UNLIKE THE SPEND-OUT EXEMPTION, THE SMALL ISSUER EXEMPTION CREATES A PROSPECTIVE OR "LOOK-FORWARD" TEST. THIS TEST REQUIRES THAT A SCHOOL DISTRICT OR COUNTY INTEND, AT THE TIME OF ISSUE, TO SPEND AT LEAST 95% OF THE PROCEEDS OF THE CERTIFICATE ON ITS LEGITIMATE GOVERNMENTAL EXPENSES. IF THIS INTENTION DOES NOT EXIST OR CANNOT BE JUSTIFIED BY REASONABLE PROJECTIONS, THEN THE SCHOOL DISTRICT OR COUNTY MUST PAY REBATE.

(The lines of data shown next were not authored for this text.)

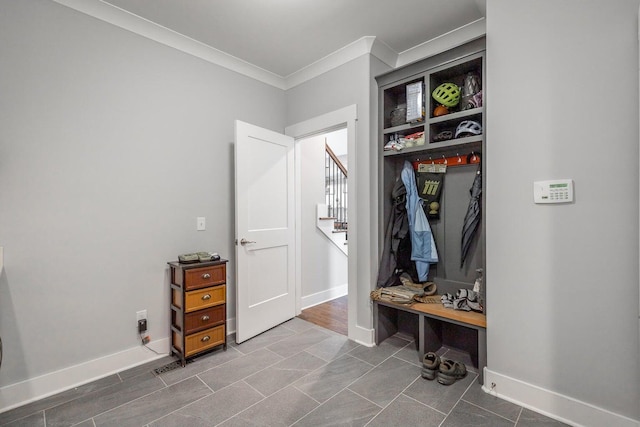 mudroom featuring ornamental molding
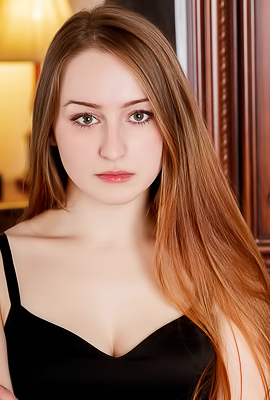 Evelin Her Soft Breasts Bare And Her Mesmerizing Blue Eyes Shining Seductively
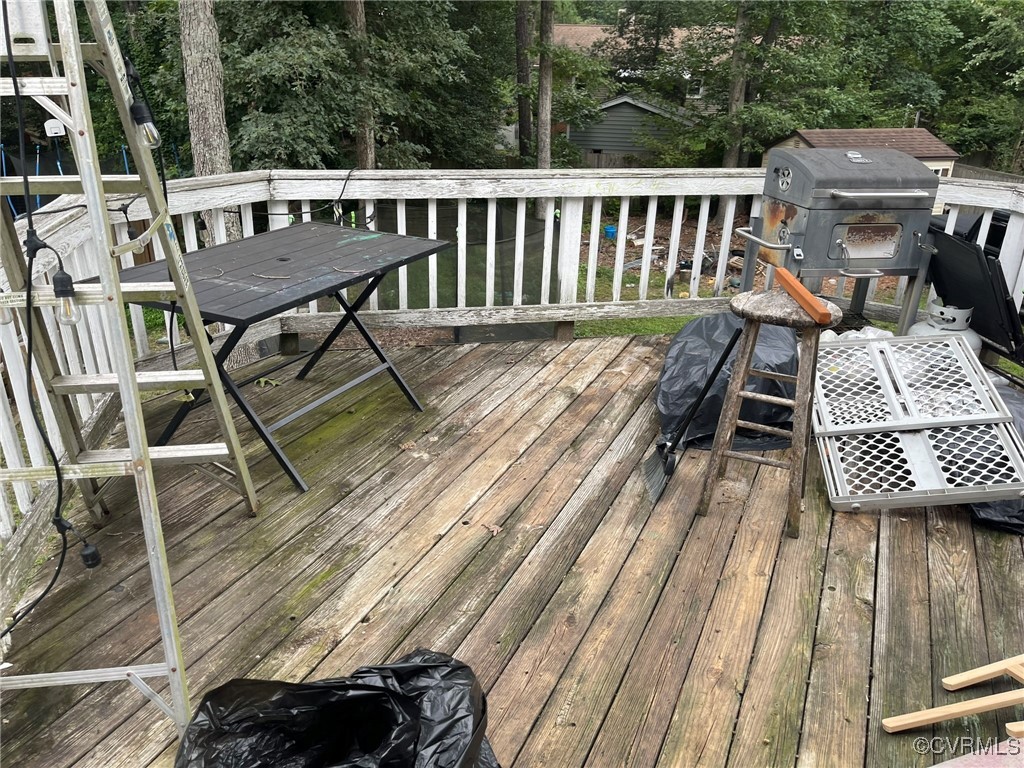 10131 Ridgerun Road Chesterfield, VA 23832 - Photo 6 of 18 a view of a roof deck with table and chairs a barbeque with wooden floor and fence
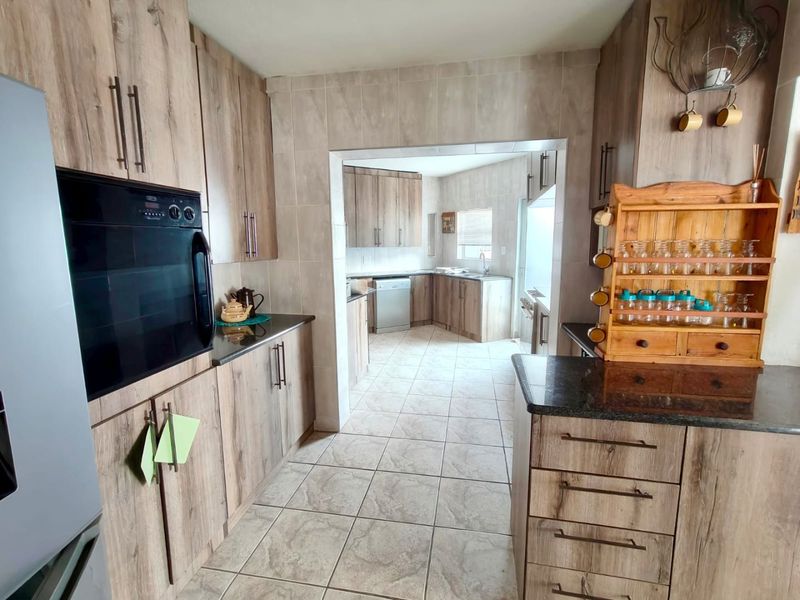 A functional kitchen featuring wood-look cabinetry, granite countertops, tiled flooring, and a separate scullery area with additional storage and sink.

INCIDENTLY, COUNTIES WHICH ARE BENEFICIARIES OF PUBLIC TRUSTS THAT ISSUE TAX-EXEMPT BONDS SHOULD CONSIDER THE AGGREGATION RULES SET FORTH IN 148(F)(4)(D) OF THE CODE IN DETERMINING WHETHER THEY MEET THE EXEMPTION'S $5,000, 000 CEILING.

POTENTIAL CONSEQUENCES OF NON-COMPLIANCE

THERE ARE A NUMBER OF POTENTIAL CONSEQUENCES WHICH MAY ARISE IN THE EVENT A SCHOOL DISTRICT OR COUNTY FAILS TO COMPLY WITH THE FEDERAL AND STATE RESTRICTIONS PERTAINING TO THE ISSUANCE OF TAX EXEMPT CERTIFICATES OF INDEBTEDNESS. THE POTENTIAL CONSEQUENCES FALL GENERALLY INTO THREE CATEGORIES.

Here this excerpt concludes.